By 1977 Rustom had established his consultancy firm Coopers Pvt Ltd along with his lawyer wife Zarin. Initially their clients included those who had relocated from other Southeast Asian countries such as Indonesia and Thailand. In later years his projects took him to the UK, Nigeria, Ivory Coast and Maldives. He was appointed on the board of directors of reputable companies both in the UK and Singapore, including Assam Oil Company and Duncan MacNeill (The Assam Tea Company) that were then part of the multinational Inchcape Group. So too was he on the board of the Singapore subsidiary of the iconic German automotive company, Porsche Motors. He authored two books — Job Sharing in Singapore (1986) and War on Waste (1991).

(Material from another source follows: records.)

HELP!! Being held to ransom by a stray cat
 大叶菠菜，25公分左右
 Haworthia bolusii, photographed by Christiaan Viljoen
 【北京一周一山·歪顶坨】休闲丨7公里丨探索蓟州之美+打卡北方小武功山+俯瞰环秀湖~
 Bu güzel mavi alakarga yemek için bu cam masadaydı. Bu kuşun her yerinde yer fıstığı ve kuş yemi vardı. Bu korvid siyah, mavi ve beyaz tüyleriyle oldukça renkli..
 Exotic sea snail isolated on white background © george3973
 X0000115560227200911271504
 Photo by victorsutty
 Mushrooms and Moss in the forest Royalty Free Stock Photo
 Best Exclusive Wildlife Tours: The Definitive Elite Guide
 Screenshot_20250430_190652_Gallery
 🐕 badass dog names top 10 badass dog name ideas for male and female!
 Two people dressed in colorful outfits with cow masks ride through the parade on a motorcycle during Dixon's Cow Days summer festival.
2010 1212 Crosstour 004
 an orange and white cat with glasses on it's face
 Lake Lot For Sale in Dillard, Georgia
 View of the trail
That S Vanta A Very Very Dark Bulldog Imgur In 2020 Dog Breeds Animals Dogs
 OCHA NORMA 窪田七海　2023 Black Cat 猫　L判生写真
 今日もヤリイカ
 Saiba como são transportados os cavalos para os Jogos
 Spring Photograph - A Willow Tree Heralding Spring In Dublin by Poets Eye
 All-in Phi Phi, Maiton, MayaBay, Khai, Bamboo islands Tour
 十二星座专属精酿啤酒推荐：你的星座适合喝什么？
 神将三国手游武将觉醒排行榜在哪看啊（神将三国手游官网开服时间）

As a citizen of Singapore, he would regularly travel to his birthplace Bombay and lightheartedly described himself as a "proud white, if not red Singaporean,” alluding to the colors of Singapore’s  national flag, and his own anti-communist/Marxist sentiments. He died in 2013 at the age of 90 while on a visit to London.
Spiritually inclined, apart from being a committed Zoroastrian, Rustom was greatly inspired by the teachings of Jesus and would daily read a portion of Thomas à Kempis’s The Imitation of Christ. When asked how he handled the challenges in his life, Rustom always responded, "By the grace of God.”